- _Activity_: Every entry below must be copied exactly, with nothing left out.

(Records from a dataset)

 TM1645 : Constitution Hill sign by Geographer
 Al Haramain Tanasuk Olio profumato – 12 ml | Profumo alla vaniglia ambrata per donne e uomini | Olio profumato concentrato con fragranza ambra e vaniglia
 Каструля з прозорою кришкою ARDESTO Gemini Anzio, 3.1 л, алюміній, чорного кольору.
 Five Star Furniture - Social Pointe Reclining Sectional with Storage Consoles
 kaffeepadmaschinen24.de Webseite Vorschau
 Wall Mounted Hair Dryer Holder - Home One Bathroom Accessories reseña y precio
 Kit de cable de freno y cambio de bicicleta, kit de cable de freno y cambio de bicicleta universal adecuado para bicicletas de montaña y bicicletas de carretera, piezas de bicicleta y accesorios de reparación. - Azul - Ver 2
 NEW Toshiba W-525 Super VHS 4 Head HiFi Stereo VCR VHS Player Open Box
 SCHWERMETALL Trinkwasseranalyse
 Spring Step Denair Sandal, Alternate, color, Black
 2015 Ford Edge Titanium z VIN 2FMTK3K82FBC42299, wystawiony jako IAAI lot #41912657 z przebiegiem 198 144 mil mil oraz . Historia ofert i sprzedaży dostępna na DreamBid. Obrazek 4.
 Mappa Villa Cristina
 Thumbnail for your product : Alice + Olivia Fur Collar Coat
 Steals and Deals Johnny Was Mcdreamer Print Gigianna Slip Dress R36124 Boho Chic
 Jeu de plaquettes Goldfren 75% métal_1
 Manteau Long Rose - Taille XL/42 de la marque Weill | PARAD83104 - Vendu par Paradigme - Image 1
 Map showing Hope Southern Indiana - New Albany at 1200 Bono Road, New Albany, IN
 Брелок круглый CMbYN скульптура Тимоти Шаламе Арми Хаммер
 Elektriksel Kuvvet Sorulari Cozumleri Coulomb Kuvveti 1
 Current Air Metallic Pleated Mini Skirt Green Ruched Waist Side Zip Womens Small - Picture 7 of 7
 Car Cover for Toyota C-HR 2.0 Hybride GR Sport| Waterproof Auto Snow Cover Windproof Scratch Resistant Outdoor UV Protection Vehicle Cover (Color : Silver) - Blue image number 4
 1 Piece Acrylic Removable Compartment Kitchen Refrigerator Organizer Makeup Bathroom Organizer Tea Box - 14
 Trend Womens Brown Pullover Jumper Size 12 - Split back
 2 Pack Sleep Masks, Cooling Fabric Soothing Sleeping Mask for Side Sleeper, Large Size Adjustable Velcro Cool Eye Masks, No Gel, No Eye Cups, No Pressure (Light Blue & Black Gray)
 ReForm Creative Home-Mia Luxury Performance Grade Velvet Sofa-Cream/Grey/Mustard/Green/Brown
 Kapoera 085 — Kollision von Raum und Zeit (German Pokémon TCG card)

- _Solution for this task_:
 TM1645 : Constitution Hill sign by Geographer
 Al Haramain Tanasuk Olio profumato – 12 ml | Profumo alla vaniglia ambrata per donne e uomini | Olio profumato concentrato con fragranza ambra e vaniglia
 Каструля з прозорою кришкою ARDESTO Gemini Anzio, 3.1 л, алюміній, чорного кольору.
 Five Star Furniture - Social Pointe Reclining Sectional with Storage Consoles
 kaffeepadmaschinen24.de Webseite Vorschau
 Wall Mounted Hair Dryer Holder - Home One Bathroom Accessories reseña y precio
 Kit de cable de freno y cambio de bicicleta, kit de cable de freno y cambio de bicicleta universal adecuado para bicicletas de montaña y bicicletas de carretera, piezas de bicicleta y accesorios de reparación. - Azul - Ver 2
 NEW Toshiba W-525 Super VHS 4 Head HiFi Stereo VCR VHS Player Open Box
 SCHWERMETALL Trinkwasseranalyse
 Spring Step Denair Sandal, Alternate, color, Black
 2015 Ford Edge Titanium z VIN 2FMTK3K82FBC42299, wystawiony jako IAAI lot #41912657 z przebiegiem 198 144 mil mil oraz . Historia ofert i sprzedaży dostępna na DreamBid. Obrazek 4.
 Mappa Villa Cristina
 Thumbnail for your product : Alice + Olivia Fur Collar Coat
 Steals and Deals Johnny Was Mcdreamer Print Gigianna Slip Dress R36124 Boho Chic
 Jeu de plaquettes Goldfren 75% métal_1
 Manteau Long Rose - Taille XL/42 de la marque Weill | PARAD83104 - Vendu par Paradigme - Image 1
 Map showing Hope Southern Indiana - New Albany at 1200 Bono Road, New Albany, IN
 Брелок круглый CMbYN скульптура Тимоти Шаламе Арми Хаммер
 Elektriksel Kuvvet Sorulari Cozumleri Coulomb Kuvveti 1
 Current Air Metallic Pleated Mini Skirt Green Ruched Waist Side Zip Womens Small - Picture 7 of 7
 Car Cover for Toyota C-HR 2.0 Hybride GR Sport| Waterproof Auto Snow Cover Windproof Scratch Resistant Outdoor UV Protection Vehicle Cover (Color : Silver) - Blue image number 4
 1 Piece Acrylic Removable Compartment Kitchen Refrigerator Organizer Makeup Bathroom Organizer Tea Box - 14
 Trend Womens Brown Pullover Jumper Size 12 - Split back
 2 Pack Sleep Masks, Cooling Fabric Soothing Sleeping Mask for Side Sleeper, Large Size Adjustable Velcro Cool Eye Masks, No Gel, No Eye Cups, No Pressure (Light Blue & Black Gray)
 ReForm Creative Home-Mia Luxury Performance Grade Velvet Sofa-Cream/Grey/Mustard/Green/Brown
 Kapoera 085 — Kollision von Raum und Zeit (German Pokémon TCG card)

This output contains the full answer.